Caption-style text data
◆ ◆ ◆ ◆ ◆ ◆ ◆

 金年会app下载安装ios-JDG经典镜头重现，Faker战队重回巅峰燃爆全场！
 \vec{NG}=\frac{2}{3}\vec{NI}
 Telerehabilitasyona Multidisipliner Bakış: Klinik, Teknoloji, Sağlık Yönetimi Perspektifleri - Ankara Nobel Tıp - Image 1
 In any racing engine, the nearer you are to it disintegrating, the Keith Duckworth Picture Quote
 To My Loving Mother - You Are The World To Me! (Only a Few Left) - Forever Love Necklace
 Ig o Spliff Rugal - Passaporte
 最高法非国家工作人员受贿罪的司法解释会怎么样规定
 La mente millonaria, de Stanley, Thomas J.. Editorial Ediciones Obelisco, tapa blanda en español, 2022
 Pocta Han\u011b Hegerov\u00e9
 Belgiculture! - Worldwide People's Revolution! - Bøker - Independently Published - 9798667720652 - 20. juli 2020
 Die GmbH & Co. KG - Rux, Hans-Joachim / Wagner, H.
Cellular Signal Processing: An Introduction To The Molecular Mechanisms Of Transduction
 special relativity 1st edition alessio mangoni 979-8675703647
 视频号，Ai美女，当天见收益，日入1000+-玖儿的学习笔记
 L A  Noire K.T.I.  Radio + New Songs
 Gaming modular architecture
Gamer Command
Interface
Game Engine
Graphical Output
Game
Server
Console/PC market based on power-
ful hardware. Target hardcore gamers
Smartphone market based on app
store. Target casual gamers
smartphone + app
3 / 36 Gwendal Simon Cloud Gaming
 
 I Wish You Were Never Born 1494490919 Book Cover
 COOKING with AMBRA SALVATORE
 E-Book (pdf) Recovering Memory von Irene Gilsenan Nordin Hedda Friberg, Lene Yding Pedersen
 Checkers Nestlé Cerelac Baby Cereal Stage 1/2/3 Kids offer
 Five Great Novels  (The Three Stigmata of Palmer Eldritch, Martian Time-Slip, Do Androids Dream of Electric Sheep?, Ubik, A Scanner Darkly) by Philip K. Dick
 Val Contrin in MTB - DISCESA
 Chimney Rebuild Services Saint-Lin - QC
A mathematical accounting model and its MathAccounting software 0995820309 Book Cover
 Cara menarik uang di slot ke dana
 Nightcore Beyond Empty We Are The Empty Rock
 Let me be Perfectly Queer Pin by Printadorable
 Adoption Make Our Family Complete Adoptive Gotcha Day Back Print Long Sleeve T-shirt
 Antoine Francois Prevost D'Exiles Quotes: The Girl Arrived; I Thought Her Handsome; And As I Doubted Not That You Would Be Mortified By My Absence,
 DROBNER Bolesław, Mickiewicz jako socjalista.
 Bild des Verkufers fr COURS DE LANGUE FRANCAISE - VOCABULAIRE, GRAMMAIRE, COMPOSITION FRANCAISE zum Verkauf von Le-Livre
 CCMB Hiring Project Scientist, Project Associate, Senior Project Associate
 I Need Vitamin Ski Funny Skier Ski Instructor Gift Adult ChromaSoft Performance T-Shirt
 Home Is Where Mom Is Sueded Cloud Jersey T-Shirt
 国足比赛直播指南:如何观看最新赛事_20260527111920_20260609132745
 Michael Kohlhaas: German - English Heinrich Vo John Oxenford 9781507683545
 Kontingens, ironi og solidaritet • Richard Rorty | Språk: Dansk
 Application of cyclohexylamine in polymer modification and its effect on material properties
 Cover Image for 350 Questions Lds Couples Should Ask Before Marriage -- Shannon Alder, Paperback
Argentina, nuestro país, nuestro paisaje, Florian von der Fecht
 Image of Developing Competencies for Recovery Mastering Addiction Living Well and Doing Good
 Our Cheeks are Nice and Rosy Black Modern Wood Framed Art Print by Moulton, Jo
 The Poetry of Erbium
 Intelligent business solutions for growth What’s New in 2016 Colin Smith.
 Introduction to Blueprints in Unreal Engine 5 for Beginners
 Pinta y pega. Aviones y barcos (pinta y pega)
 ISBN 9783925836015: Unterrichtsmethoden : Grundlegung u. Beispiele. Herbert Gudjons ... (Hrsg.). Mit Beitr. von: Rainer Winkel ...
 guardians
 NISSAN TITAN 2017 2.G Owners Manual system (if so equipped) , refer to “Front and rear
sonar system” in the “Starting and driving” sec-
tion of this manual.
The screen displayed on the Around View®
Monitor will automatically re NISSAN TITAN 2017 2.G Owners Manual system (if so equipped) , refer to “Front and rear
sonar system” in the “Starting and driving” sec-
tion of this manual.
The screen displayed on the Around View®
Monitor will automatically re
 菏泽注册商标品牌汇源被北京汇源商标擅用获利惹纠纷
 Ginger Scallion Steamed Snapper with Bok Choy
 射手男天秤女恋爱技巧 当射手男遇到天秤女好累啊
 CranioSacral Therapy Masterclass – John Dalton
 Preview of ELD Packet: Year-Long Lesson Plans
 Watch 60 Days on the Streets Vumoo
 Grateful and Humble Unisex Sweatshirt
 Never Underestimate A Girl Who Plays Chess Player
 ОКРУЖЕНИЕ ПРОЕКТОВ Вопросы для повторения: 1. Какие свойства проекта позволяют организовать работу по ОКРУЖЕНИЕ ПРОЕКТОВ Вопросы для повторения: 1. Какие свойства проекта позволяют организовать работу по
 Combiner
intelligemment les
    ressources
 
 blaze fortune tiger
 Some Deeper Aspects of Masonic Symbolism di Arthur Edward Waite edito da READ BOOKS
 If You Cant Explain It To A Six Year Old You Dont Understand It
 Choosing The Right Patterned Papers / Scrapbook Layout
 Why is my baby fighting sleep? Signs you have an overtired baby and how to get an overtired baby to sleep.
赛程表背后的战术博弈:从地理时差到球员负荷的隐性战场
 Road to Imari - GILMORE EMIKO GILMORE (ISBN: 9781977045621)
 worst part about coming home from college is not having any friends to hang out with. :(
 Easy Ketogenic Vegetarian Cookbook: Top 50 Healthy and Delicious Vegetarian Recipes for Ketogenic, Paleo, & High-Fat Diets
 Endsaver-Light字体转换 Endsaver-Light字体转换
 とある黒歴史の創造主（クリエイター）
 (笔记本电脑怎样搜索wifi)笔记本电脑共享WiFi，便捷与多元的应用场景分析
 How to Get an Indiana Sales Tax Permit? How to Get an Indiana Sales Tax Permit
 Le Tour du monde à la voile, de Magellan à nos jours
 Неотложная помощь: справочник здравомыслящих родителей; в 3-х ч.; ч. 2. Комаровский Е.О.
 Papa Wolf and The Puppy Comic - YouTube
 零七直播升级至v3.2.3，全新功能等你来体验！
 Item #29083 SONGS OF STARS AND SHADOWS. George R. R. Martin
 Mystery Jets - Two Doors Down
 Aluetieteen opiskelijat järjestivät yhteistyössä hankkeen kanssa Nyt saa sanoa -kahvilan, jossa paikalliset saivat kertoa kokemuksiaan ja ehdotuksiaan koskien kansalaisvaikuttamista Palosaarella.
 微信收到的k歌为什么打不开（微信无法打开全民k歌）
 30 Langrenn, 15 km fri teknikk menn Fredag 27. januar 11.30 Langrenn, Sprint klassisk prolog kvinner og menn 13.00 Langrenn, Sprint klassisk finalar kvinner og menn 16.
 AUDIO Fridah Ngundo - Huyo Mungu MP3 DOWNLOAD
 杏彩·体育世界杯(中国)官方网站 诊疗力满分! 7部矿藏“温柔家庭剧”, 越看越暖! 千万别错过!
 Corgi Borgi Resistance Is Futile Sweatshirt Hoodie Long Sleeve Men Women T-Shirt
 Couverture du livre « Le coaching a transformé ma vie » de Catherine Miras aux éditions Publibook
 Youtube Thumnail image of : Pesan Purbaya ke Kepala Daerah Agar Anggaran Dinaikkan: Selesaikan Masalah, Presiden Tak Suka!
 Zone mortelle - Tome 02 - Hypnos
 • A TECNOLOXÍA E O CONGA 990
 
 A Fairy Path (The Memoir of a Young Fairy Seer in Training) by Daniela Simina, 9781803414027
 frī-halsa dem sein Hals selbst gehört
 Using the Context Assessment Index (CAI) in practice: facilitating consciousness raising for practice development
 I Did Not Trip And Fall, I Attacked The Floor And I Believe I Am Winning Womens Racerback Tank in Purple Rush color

◆ ◆ ◆ ◆ ◆ ◆ ◆

ACTIVITY: All lines above from the one holding "Choosing The Right" to the one holding "Неотложная помощь: справочник", inclusive, are to be copied exactly; no other line is wanted.

REPLY TO THE EXERCISE:
 Choosing The Right Patterned Papers / Scrapbook Layout
 Why is my baby fighting sleep? Signs you have an overtired baby and how to get an overtired baby to sleep.
赛程表背后的战术博弈:从地理时差到球员负荷的隐性战场
 Road to Imari - GILMORE EMIKO GILMORE (ISBN: 9781977045621)
 worst part about coming home from college is not having any friends to hang out with. :(
 Easy Ketogenic Vegetarian Cookbook: Top 50 Healthy and Delicious Vegetarian Recipes for Ketogenic, Paleo, & High-Fat Diets
 Endsaver-Light字体转换 Endsaver-Light字体转换
 とある黒歴史の創造主（クリエイター）
 (笔记本电脑怎样搜索wifi)笔记本电脑共享WiFi，便捷与多元的应用场景分析
 How to Get an Indiana Sales Tax Permit? How to Get an Indiana Sales Tax Permit
 Le Tour du monde à la voile, de Magellan à nos jours
 Неотложная помощь: справочник здравомыслящих родителей; в 3-х ч.; ч. 2. Комаровский Е.О.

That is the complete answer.